With the enhanced even size custom shard in place, we were able to reduce the latency for all the large partners except the largest partner. Digging deeper, we found the largest partner contains ~200 million rows after roll up per day. Even if we are able to reduce the time spent on data nodes with the enhanced even size partitioning, the broker would still be the bottleneck because a single host is not enough to merge the huge number of intermediate results returned from data nodes, even with multi-threads. We also tried reducing the work of brokers for the expensive group-by queries by getting an approximate local top N result on the data nodes first with config forceLimitPushDown enabled, but there were still too many rows to aggregate on the broker side. Eventually, we realized that we won’t be able to make it return within the timeout threshold (five seconds) for the largest partner unless we add another aggregation layer to the current aggregation model in the middle of the existing two layers (broker as a single root and data nodes as infinite number of leaves). In the end, we decided to skip querying the latest date to wait for a dataset with some form of rollup that arrives one or two days later for the largest partner as a temporary work around.
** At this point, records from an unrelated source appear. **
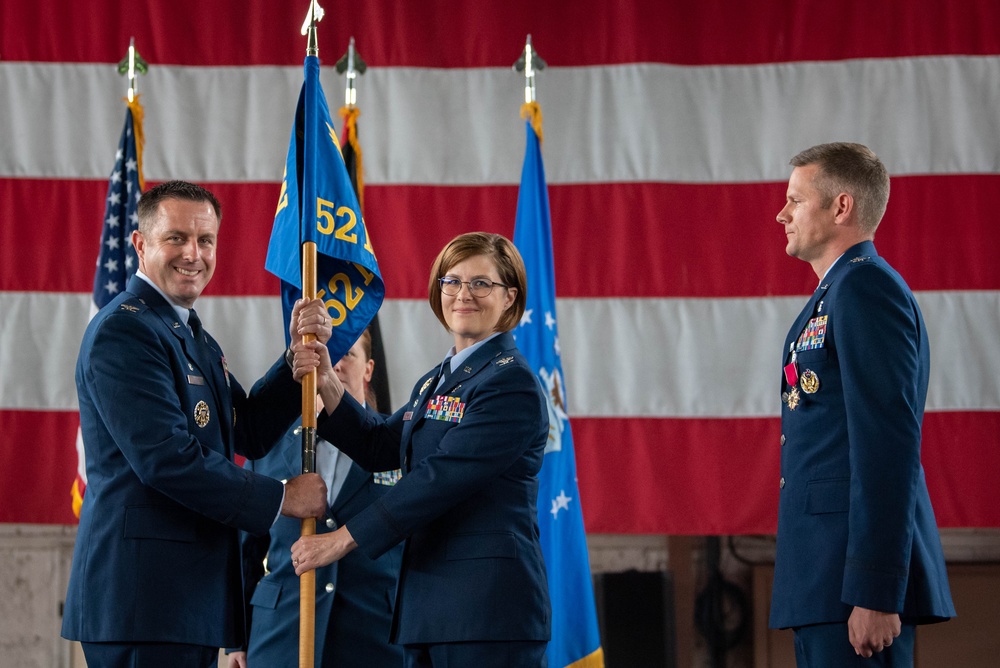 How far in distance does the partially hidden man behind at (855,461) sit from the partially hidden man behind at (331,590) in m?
1.07

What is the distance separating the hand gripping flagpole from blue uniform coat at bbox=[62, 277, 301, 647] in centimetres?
15

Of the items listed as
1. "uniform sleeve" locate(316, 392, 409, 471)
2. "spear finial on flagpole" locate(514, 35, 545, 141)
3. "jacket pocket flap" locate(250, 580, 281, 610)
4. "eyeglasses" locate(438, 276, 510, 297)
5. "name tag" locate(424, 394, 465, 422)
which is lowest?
"jacket pocket flap" locate(250, 580, 281, 610)

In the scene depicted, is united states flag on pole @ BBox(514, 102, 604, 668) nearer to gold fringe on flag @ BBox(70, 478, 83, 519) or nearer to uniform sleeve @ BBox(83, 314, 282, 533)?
uniform sleeve @ BBox(83, 314, 282, 533)

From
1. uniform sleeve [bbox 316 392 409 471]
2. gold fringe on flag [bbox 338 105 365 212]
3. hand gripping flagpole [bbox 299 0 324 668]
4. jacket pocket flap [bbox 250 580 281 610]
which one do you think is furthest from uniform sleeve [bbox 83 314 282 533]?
gold fringe on flag [bbox 338 105 365 212]

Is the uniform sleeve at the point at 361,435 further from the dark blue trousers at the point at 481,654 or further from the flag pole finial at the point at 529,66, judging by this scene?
the flag pole finial at the point at 529,66

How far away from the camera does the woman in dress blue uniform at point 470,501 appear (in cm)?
201

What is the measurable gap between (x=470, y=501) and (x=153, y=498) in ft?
2.14

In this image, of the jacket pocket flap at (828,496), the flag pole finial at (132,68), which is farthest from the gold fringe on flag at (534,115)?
the jacket pocket flap at (828,496)

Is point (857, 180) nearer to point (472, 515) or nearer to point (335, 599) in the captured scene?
point (472, 515)

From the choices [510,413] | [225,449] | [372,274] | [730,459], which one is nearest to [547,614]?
[510,413]

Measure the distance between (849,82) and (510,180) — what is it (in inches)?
52.7

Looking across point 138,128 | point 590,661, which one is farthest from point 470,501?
point 138,128

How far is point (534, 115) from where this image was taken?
3.55m

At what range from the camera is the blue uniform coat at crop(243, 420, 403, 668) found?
259cm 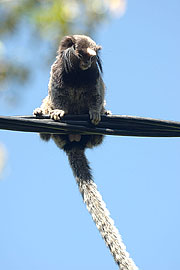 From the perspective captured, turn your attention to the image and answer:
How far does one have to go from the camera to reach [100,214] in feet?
20.0

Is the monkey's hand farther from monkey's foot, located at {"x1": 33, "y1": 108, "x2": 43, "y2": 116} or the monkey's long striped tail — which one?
the monkey's long striped tail

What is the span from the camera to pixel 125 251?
553 centimetres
Finally, we also found the stats computing job prior to the actual indexing job is pretty slow when input size is large, and in some cases it takes more than 10 hours to complete due to expensive disk operation between map reduce jobs, making it unusable. In reality, it was awkward to present the logic as a sequence of map reduce jobs; however, it’s quite straightforward in SQL: a count distinct group-by query. We optimized this by generating the stats in the same format as the output of the original map reduce jobs in an external SparkSql job, which finishes within ~15 mins compared with previous ~10 hours.

Future work

We plan to add more visibility to system metrics to help us make full use of the host types, automate request pattern analysis for all use cases to help us reduce inefficiency, consolidate shard specs to a well rounded one to reduce burden to maintain multiple ones, and implement a multi-layer aggregation model to reduce latency for the most expensive queries.

Acknowledgements

We have learned a lot from the discussions in the Druid Guild with Ads Data team and the feedback from the open source community when we started contributing back our work. We would also like to thank all the teams that have worked with us to onboard their use cases to the unified analytics platform: Insights team, Core Product Data, Measurements team, Trust & Safety team, Ads Data team, Signal Platform team, Ads Serving, etc. Every use case is different and the platform has evolved a lot since its inception.